Dataset items:
——————————
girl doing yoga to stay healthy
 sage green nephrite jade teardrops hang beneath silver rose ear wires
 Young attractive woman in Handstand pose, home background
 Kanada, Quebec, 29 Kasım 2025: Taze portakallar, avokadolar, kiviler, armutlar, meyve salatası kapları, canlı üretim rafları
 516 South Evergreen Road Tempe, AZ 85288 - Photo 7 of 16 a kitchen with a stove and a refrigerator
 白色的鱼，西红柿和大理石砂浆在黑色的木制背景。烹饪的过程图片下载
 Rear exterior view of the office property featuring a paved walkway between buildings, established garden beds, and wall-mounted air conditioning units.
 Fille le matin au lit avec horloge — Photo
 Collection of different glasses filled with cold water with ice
——————————
• _TASK DETAILS_
The whole of the data is to be copied out word for word.

• _TASK ANSWER_
girl doing yoga to stay healthy
 sage green nephrite jade teardrops hang beneath silver rose ear wires
 Young attractive woman in Handstand pose, home background
 Kanada, Quebec, 29 Kasım 2025: Taze portakallar, avokadolar, kiviler, armutlar, meyve salatası kapları, canlı üretim rafları
 516 South Evergreen Road Tempe, AZ 85288 - Photo 7 of 16 a kitchen with a stove and a refrigerator
 白色的鱼，西红柿和大理石砂浆在黑色的木制背景。烹饪的过程图片下载
 Rear exterior view of the office property featuring a paved walkway between buildings, established garden beds, and wall-mounted air conditioning units.
 Fille le matin au lit avec horloge — Photo
 Collection of different glasses filled with cold water with ice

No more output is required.